Job Sequence hangs at checkpointing

Posted: Thu Apr 15, 2010 8:00 am
by sinhasaurabh014
Hi
I have many sequences that hang at certain points of the job run. Checkpointing in the job properties is selected so that the sequence is restartable on failure. A typical log from director shows as:

Code: Select all

   Item #: 1
   Message Id: IIS-DSTAGE-RUN-I-0070
   Message: Starting Job Seq_StgCMT_FACILITY_TYPE_T.

   Item #: 4
   Message Id: IIS-DSTAGE-RUN-I-0019
   Message: Seq_StgCMT_FACILITY_TYPE_T..JobControl (@Coordinator): Starting new run of checkpointed Sequence job

   Message: Seq_StgCMT_FACILITY_TYPE_T..JobControl (@Test_Source_File): Omitted checkpoint for call of routine 'DSWaitForFile'

   Message Id: IIS-DSTAGE-RUN-I-0034
   Message: Seq_StgCMT_FACILITY_TYPE_T -> (Stg_CMT_FACILITY_TYPE_T): Job run requested
Mode (row/warn limits) = 0/0

   Message: Seq_StgCMT_FACILITY_TYPE_T..JobControl (DSRunJob): Waiting for job Stg_CMT_FACILITY_TYPE_T to start

  Message: Seq_StgCMT_FACILITY_TYPE_T..JobControl (DSWaitForJob): Waiting for job Stg_CMT_FACILITY_TYPE_T to finish

  Message: Seq_StgCMT_FACILITY_TYPE_T..JobControl (DSWaitForJob): Job Stg_CMT_FACILITY_TYPE_T has finished, status = 1 (Finished OK)

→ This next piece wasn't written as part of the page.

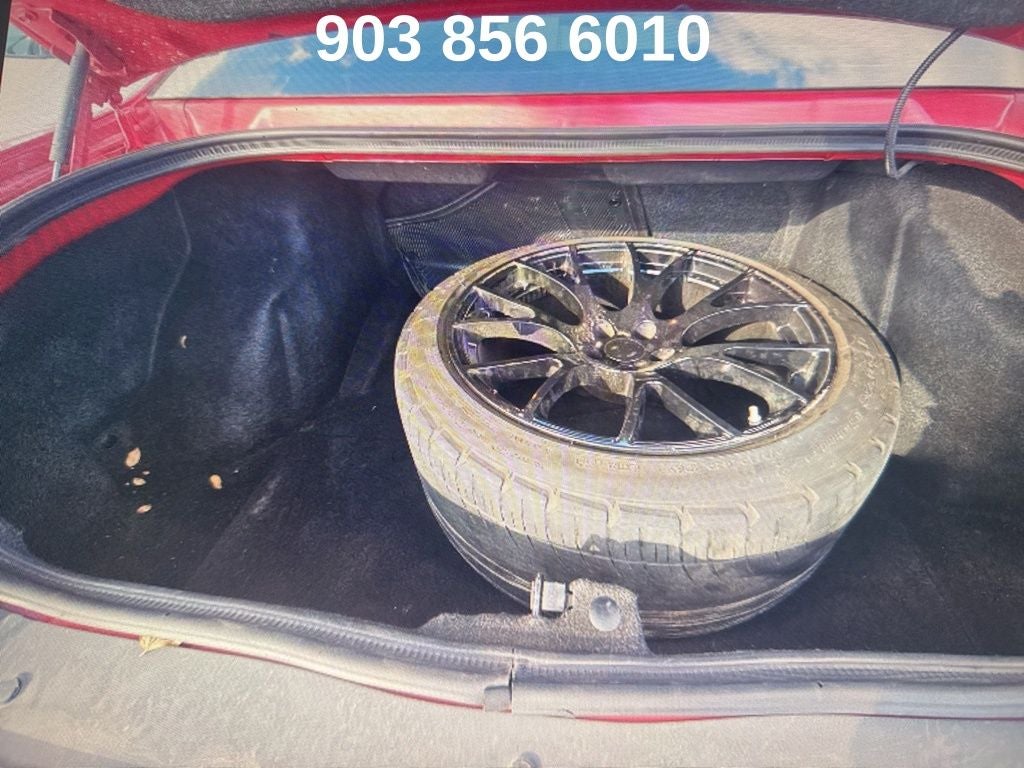 2012 Dodge Challenger SRT8 392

   Message: Seq_StgCMT_FACILITY_TYPE_T..JobControl (@jsCMT_FACILITY_TYPE_T): Omitted checkpoint for run of job 'Stg_CMT_FACILITY_TYPE_T'

End of report.
Please note that I have deleted the unwanted messages from the log above (like env variables, parameters stuff).

Problem is that many times my many sequences hang at the last point...after the "child server job" has run, then the sequence is to checkpoint it or to omit the checkpoint. Soonafter, it has to make a call to a routine that will run a multi instance job that will populate a control table.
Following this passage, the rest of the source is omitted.